Copy each entry precisely as written, and do not carry over the pictures.

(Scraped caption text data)
================================
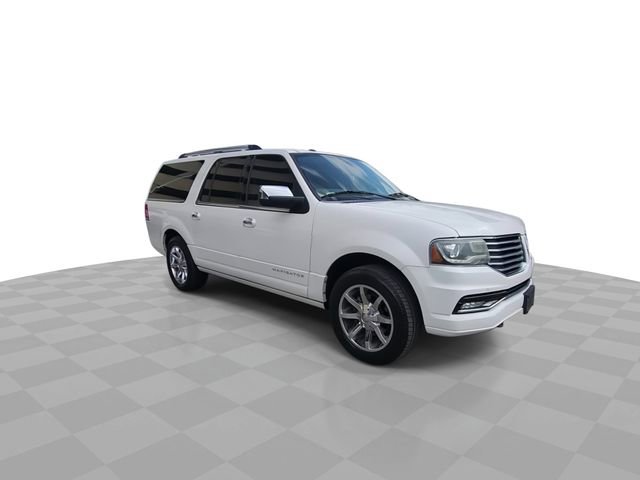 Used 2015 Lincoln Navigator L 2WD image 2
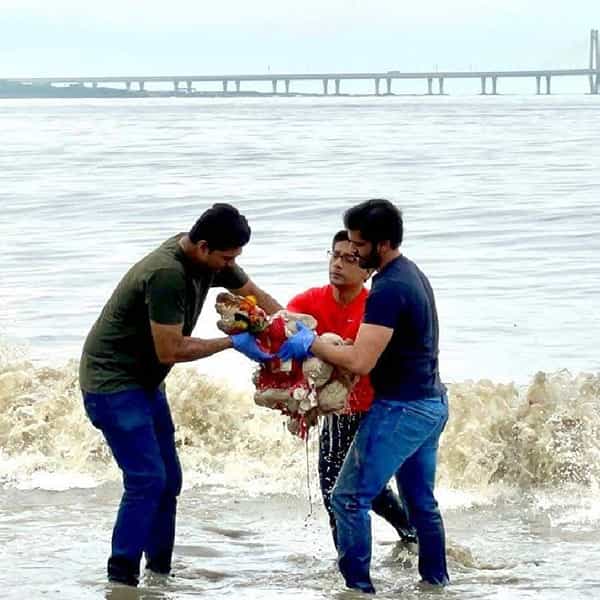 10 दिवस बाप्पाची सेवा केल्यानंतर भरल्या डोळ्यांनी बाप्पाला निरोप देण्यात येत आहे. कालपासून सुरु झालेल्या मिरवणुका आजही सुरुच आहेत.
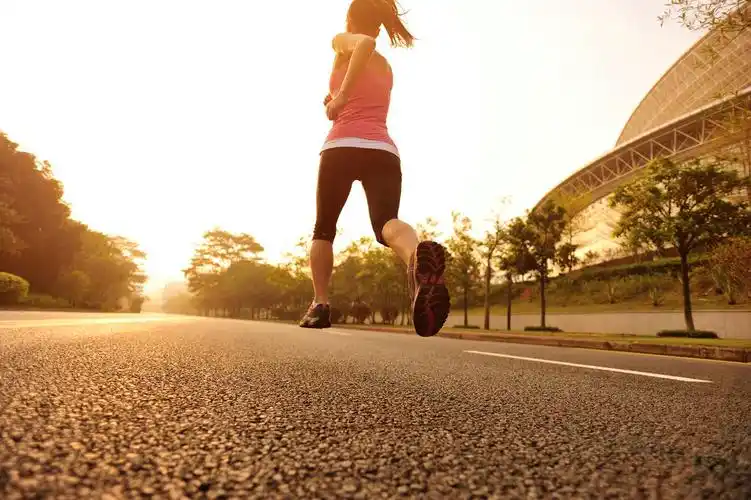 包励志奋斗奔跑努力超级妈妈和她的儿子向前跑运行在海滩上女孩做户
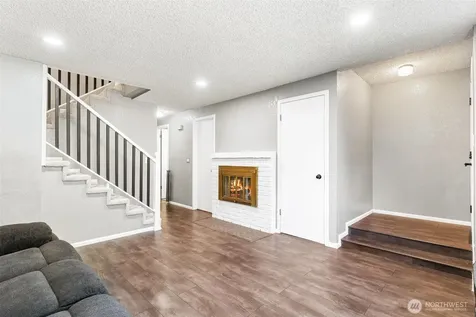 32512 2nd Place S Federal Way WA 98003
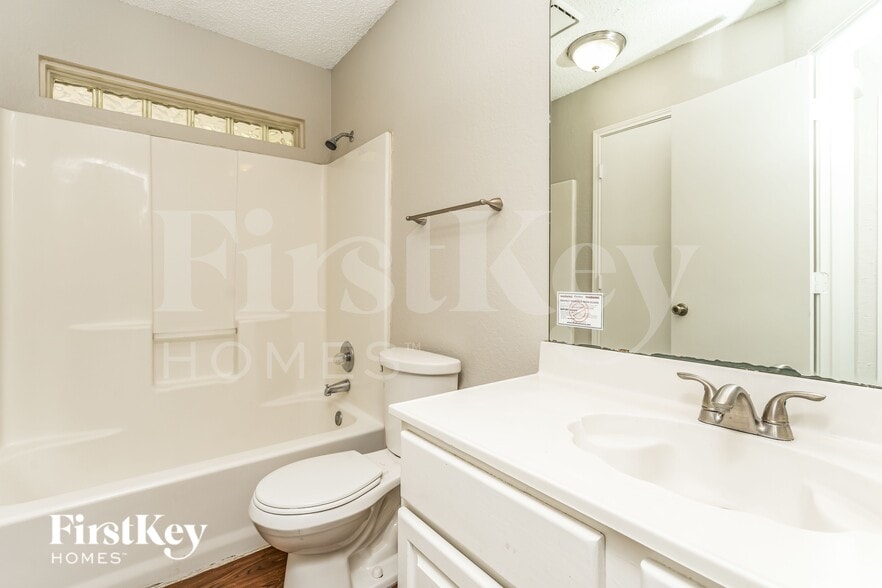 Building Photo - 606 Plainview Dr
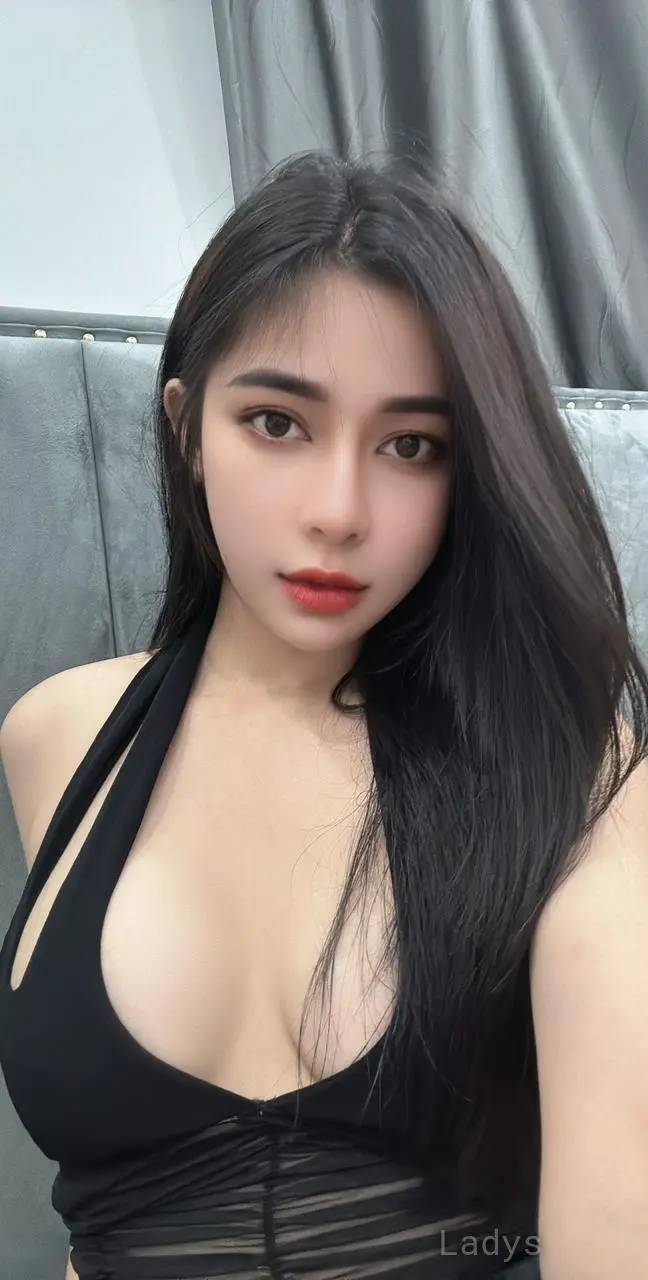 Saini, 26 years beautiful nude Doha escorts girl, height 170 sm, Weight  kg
================================
#### Problem solution:
 Used 2015 Lincoln Navigator L 2WD image 2
 10 दिवस बाप्पाची सेवा केल्यानंतर भरल्या डोळ्यांनी बाप्पाला निरोप देण्यात येत आहे. कालपासून सुरु झालेल्या मिरवणुका आजही सुरुच आहेत.
 包励志奋斗奔跑努力超级妈妈和她的儿子向前跑运行在海滩上女孩做户
 32512 2nd Place S Federal Way WA 98003
 Building Photo - 606 Plainview Dr
 Saini, 26 years beautiful nude Doha escorts girl, height 170 sm, Weight  kg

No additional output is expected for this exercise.